Guanidine groups are attractive for potentiating the activity of different classes, including AGs [31], as they have a positive charge at physiological pH, enabling stronger electrostatic and hydrogen-bonding interactions with nucleic acids. In addition, their incorporation can improve bacterial cell penetration and uptake of antibiotics into bacterial cells, enhance their aqueous solubility, and reduce susceptibility to AGEs, thereby strengthening antibacterial efficacy against resistant strains. Notably, streptomycin, one of the earliest AGs, contains a guanidine group, which contributes to its strong interactions with the bacterial ribosome and serves as a precedent for this design strategy. The alkylamino derivatives 4a,b were subsequently subjected to a guanidination reaction with 1H-pyrazole-1-carboximidamide, affording compounds 7a and 7b in good yields (Scheme 4). Further deprotection of the amino groups in 7a and 7b provided the target compounds 8a and 8b, isolated as the acetate salts in good yields.
The structures of the synthesized compounds were confirmed and unambiguously assigned based on detailed analysis of their NMR (1H, 13C, and 2D experiments, Figures S21–S28) and HRMS, all of which were in full agreement with the proposed structures. The composition of the final compounds 5a,b, and 8a,b was also confirmed by elemental analysis data.

3.2. In Vitro Antibacterial Activity Studies

To estimate the antibacterial potency of new apramycin derivatives 5a,b, and 8a,b, several Gram-negative and Gram-positive bacterial strains were used, including Staphylococcus aureus ATCC 29213 (G+), Escherichia coli ATCC 25922 (G), Pseudomonas aeruginosa ATCC 27853 (G), and Mycobacterium smegmatis ATCC 607, using apramycin (1) as a reference.

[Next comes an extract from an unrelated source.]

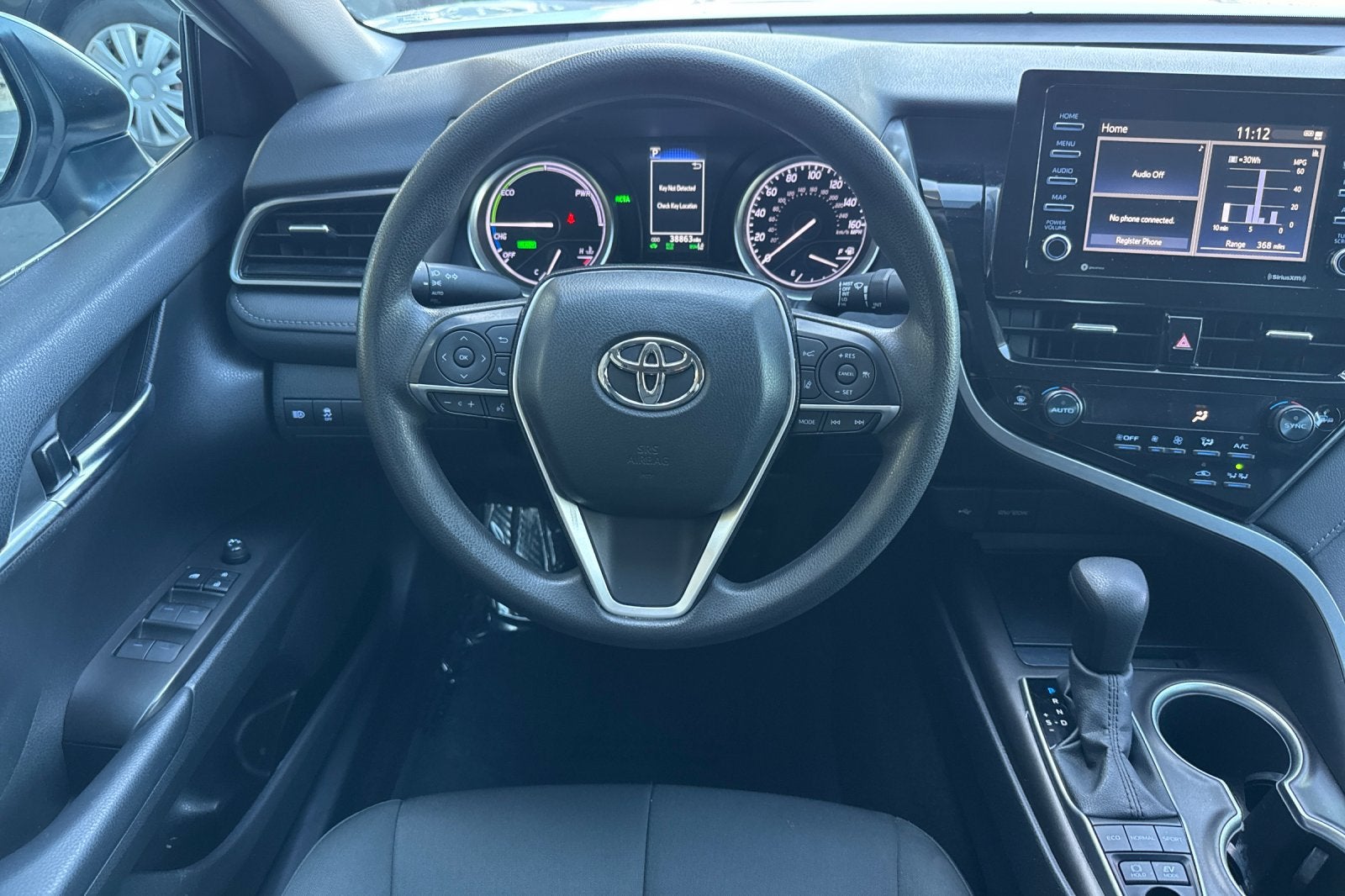 2022 Toyota Camry Hybrid LE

As summarized in Table 1, introduction of an alkyldiamine substituent at the position 6″ (compounds 5a–b) resulted in antibacterial activity that was either retained or only slightly reduced compared to the parent compound against S. aureus ATCC 29213, E. coli ATCC 25922, and M. smegmatis ATCC 607. Guanidation of the terminal amine group (derivatives 8a,b) also did not affect the antibacterial efficacy against the tested strains S. aureus ATCC 29213, E. coli ATCC 25922, and M. smegmatis ATCC 607. However, the antibacterial activity of all obtained derivatives 5a,b, 8a,b against P. aeruginosa ATCC 27853 strain was 4–8 times weaker than that of apramycin (1).

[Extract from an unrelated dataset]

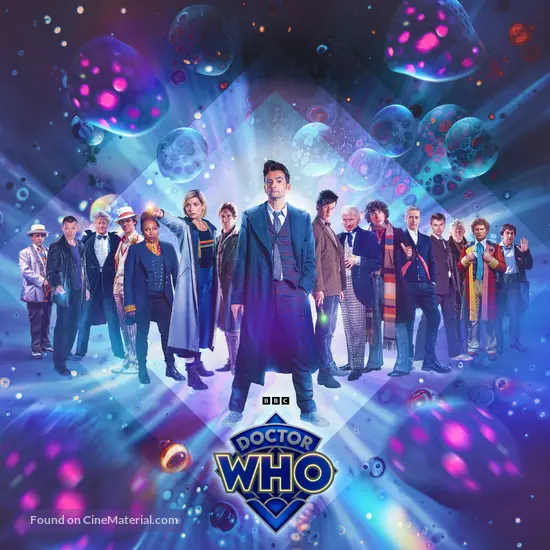 &quot;Doctor Who&quot; - poster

Further evaluation of the antibacterial activity of 5a,b, and 8a,b was conducted towards MDR-positive clinical isolates, including strains resistant to conventional aminoglycosides (Table 2). These experiments were carried out to assess the potential of the novel apramycin derivatives to overcome existing AG resistance mechanisms and expand therapeutic options against multidrug-resistant pathogens. Apramycin and its derivatives demonstrated potent activity, with minimum inhibitory concentrations (MIC) ranging from 1 to 8 μg/mL, whereas tobramycin, gentamicin, and kanamycin A were markedly less effective, displaying MIC values of 32 to >128 μg/mL. Among the synthesized compounds, the alkylamino derivatives 5a,b exhibited moderate activity (4–8 μg/mL), while the corresponding alkylamino-guanidine derivatives 8a,b were more potent, with MICs in the range of 1–4 μg/mL. These results confirmed the prospect of apramycin as the natural scaffold for the development of next-generation AMR-circumventing aminoglycosides.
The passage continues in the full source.